Still, I'm happy for a team at our level to have a punt on it, as it's always good to identify teams who are very likely to finish below us (yep, we've made a great start, but I've not quite shaken off the typical Albion "it'll all go wrong" mentality yet, not by a long way).
 


Nigella's Cream Pie

Fingerlickin good
Apr 2, 2009
1,134
Up your alley
Just been announced Dijkhuizen has gone!

Shame for him, he should have been given allowances for some of their best players leaving the club and others out with long term injuries.
 




Gwylan

Well-known member
Jul 5, 2003
31,827
Uffern
Just been announced Dijkhuizen has gone!

Shame for him, he should have been given allowances for some of their best players leaving the club and others out with long term injuries.

Even without those factors, nine games is nowhere near enough time to judge a manager - ludicrous decision
 


Ernest

Stupid IDIOT
Nov 8, 2003
42,748
LOONEY BIN
This is a common misconception. What Moneyball was about was the Oakland Athletics identifying an undervalued stat (on-base percentage) and then signing players who were cheap but whose on-base percentage was high. Other teams gave their big free-agent bucks to strikeout pitchers or power hitters while often ignoring the less sexy (but arguably more significant) OBP.

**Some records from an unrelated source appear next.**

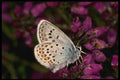 432013 Silver Studded Blue, Plebejus Argus A4 Photo Print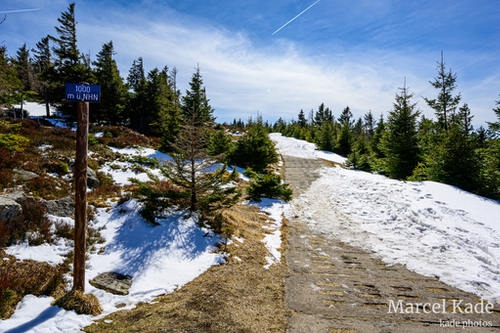  | NIKON Z 6 @ 24mm | 1/250 s,  &fnof;/13, ISO 100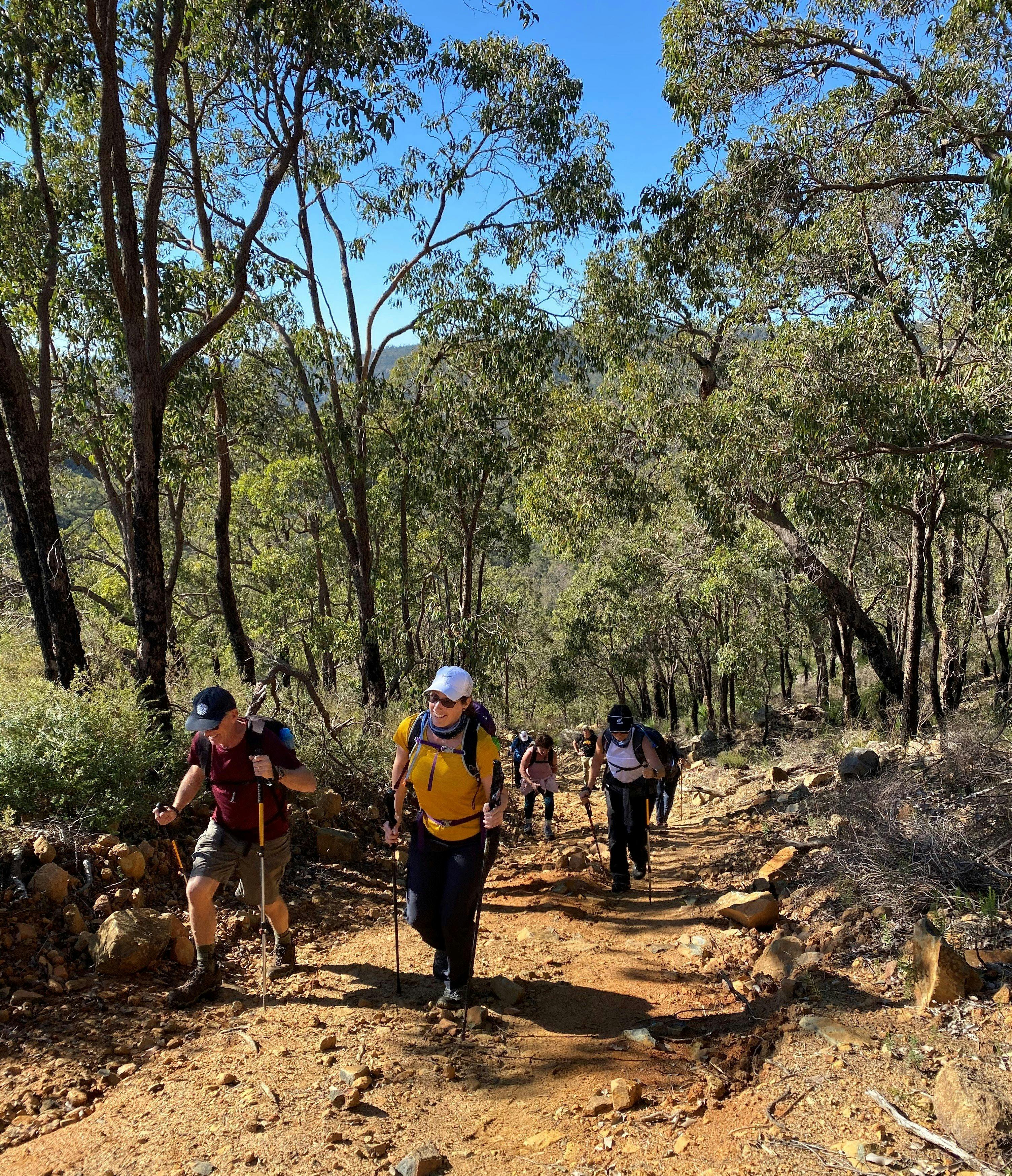Piesse Brook Endurance Hike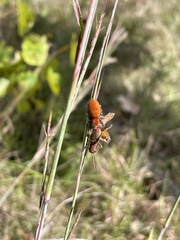 Phidippus cardinalis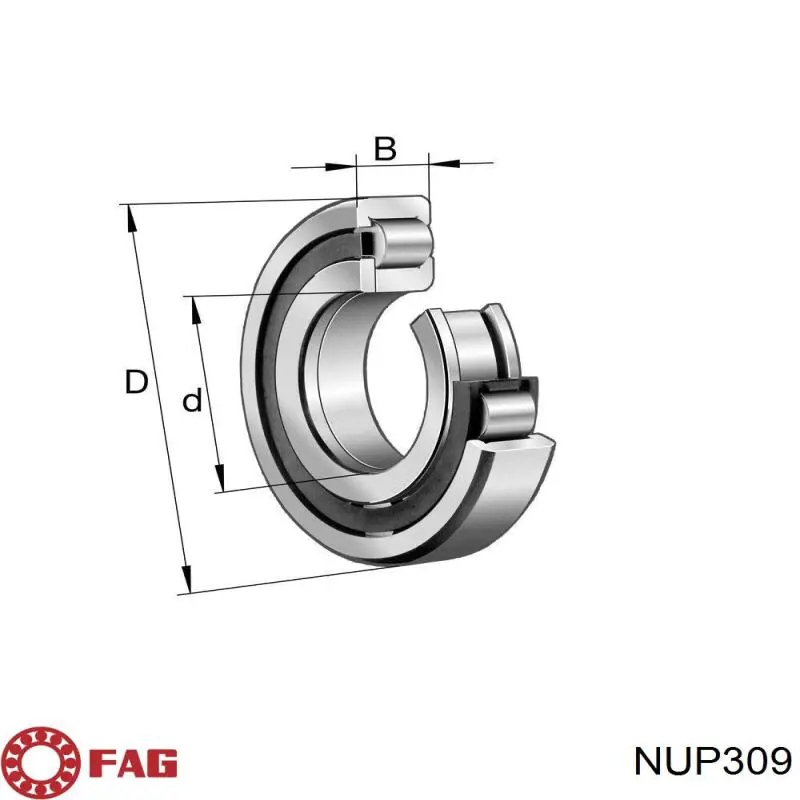 Купить NUP309 Koyo 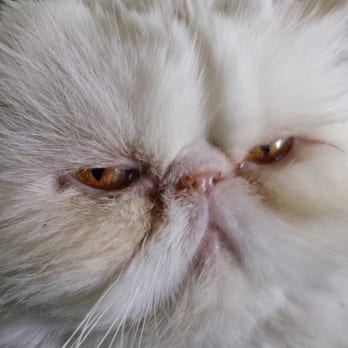 Helping Persian Cats - Animal Shelters Near Me - Santa Monica, California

The difficulty in applying moneyball theory to football is that there isn't a similar stat in football. In baseball, if your players always get on base, you will win (because they'll never be out and the team will keep scoring runs). But if, say, your pass completion rate in football is 100 percent, that could be because you always play safe passes that never hurt the opposition. If your shooting accuracy is 100 percent, it doesn't mean the shots will beat the goalkeeper, and it doesn't say how many shots you will have in a match. Football isn't like baseball - it's too fluid, and a player's individual stats depend on what other members of the team are doing.

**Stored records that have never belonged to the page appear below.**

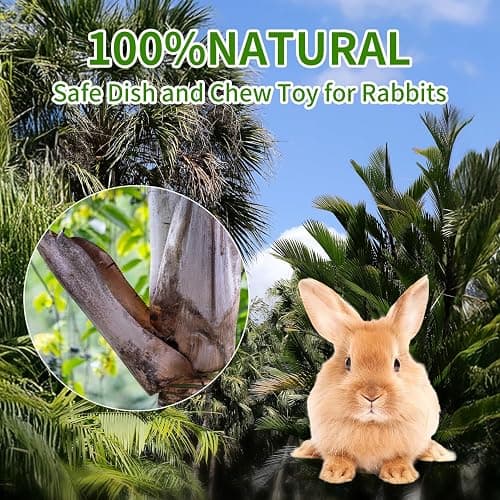 Jiaxix 30 Pcs Disposable Palm Leaf Bowls 4 inch Bowl for Rabbits, Compostable Like Bamboo Bowls Disposable Bowl Bunny Chew Toys Chewable Dish for Rabbits & Bunnies,Small Pets thumbnail 4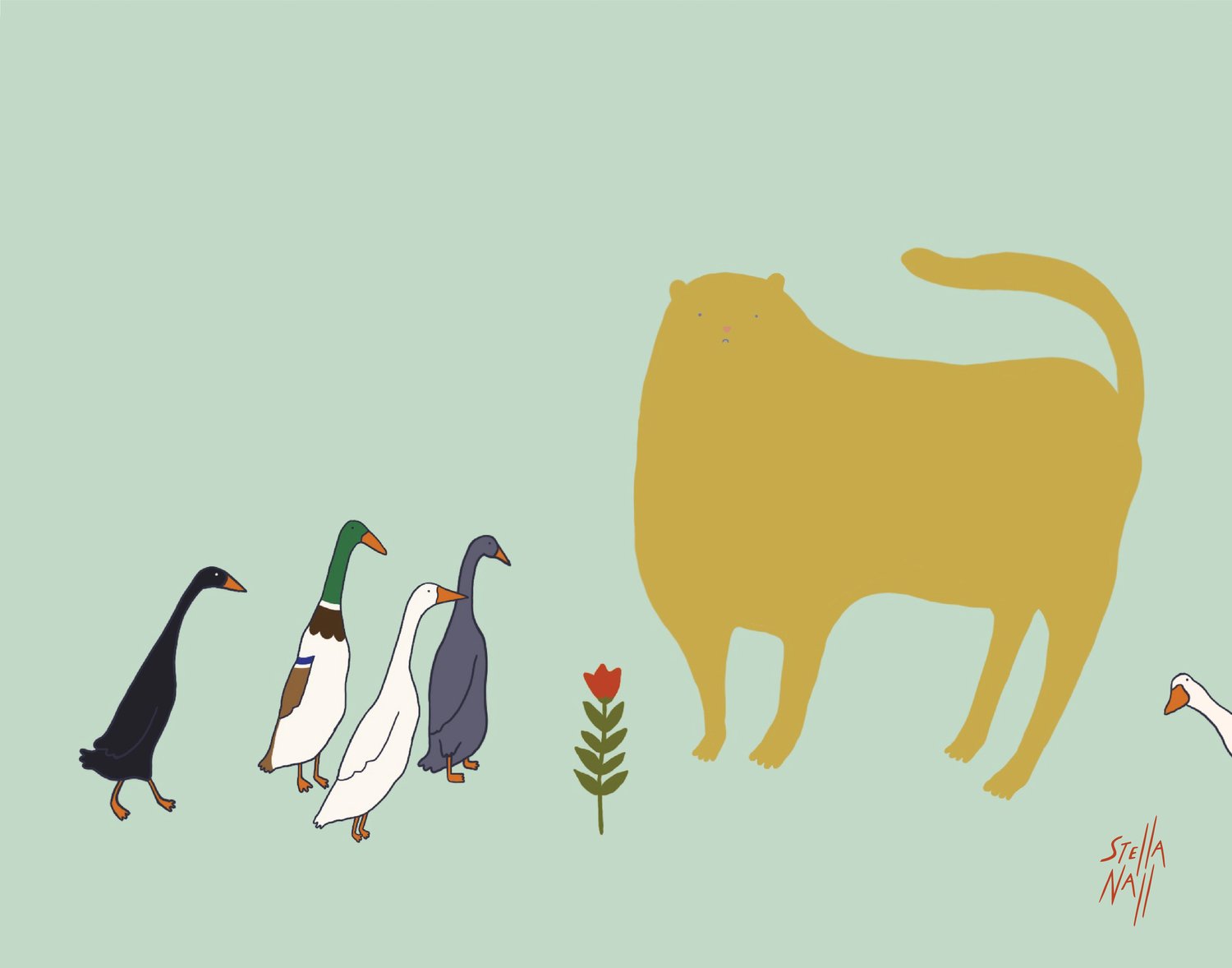 Cat and Runner Ducks Have a Shared Interest (it is the flower)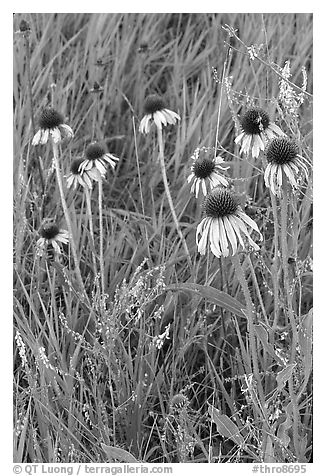 Prairie flowers and grasses. Theodore Roosevelt National Park (black and white)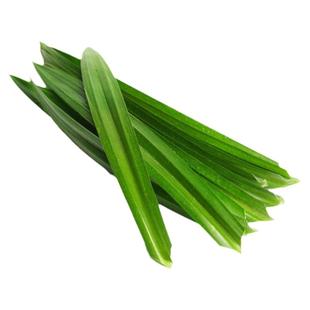 斑斓叶新鲜香兰叶可食用烘焙千层蛋糕芒果糯米饭调味糕点食材原料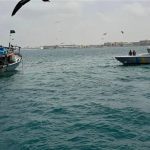 حرس الحدود السعودي ينقذ 10 مصريين بعد جنوح مركبهم بمنطقة القنفذة - 1 - سيناء الإخبارية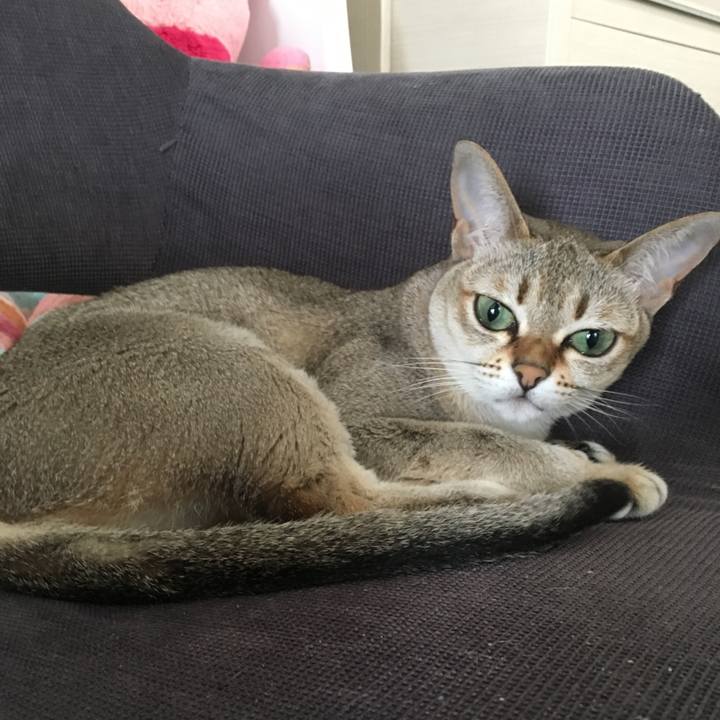 A201c06a 6f87 44b5 8aaa dc0a6024ff3a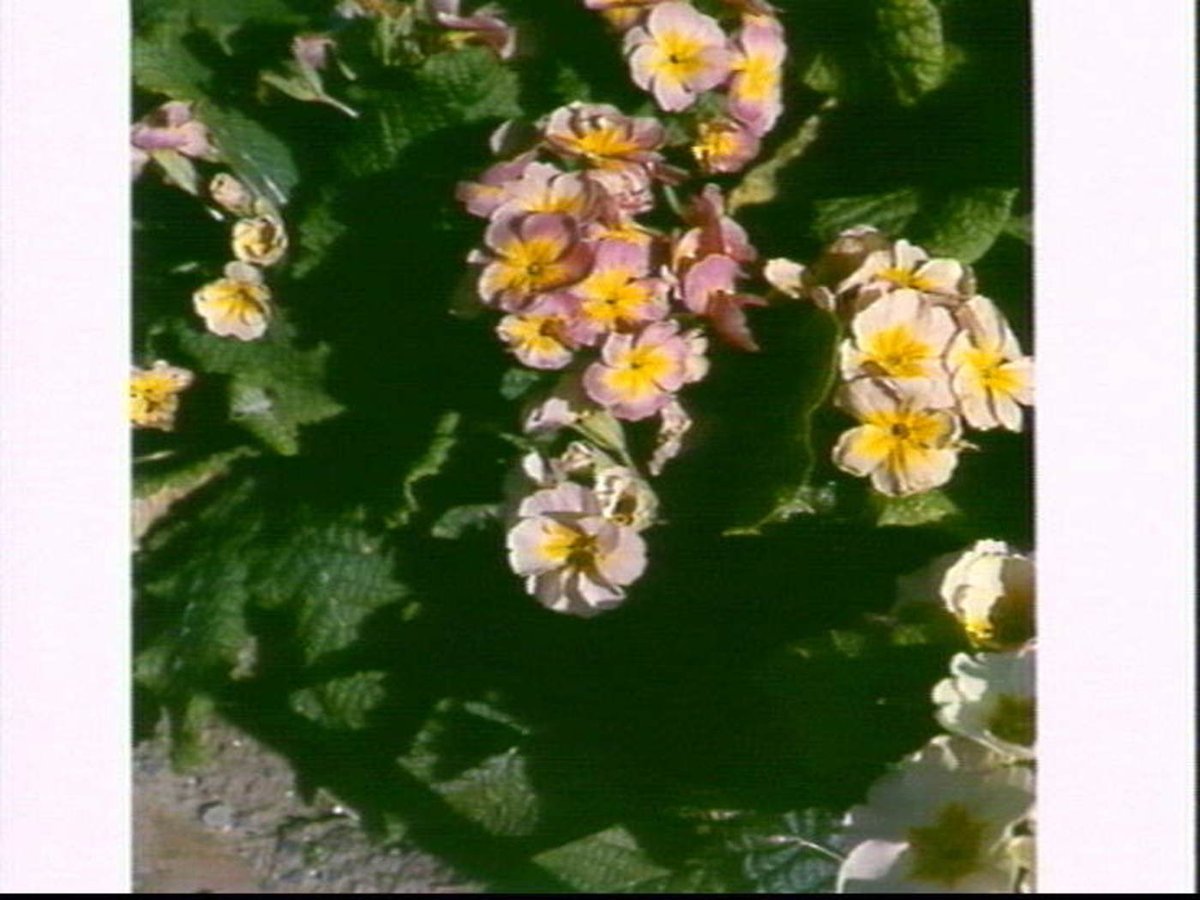 Flowers at a Sydney nursery, 1967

Tony Cottee was talking about it on SKY, said he didn't run a yard yet scored 2 goals against someone who ran 15 miles and got in the box a lot yet didn't do a thing would come out top
 








Icy Gull

Back on the rollercoaster
Jul 5, 2003
72,015
Wonder what Warburtons thoughts on the matter are.

The same as they were when he decided, half way though last season, that this shit wasn't for him?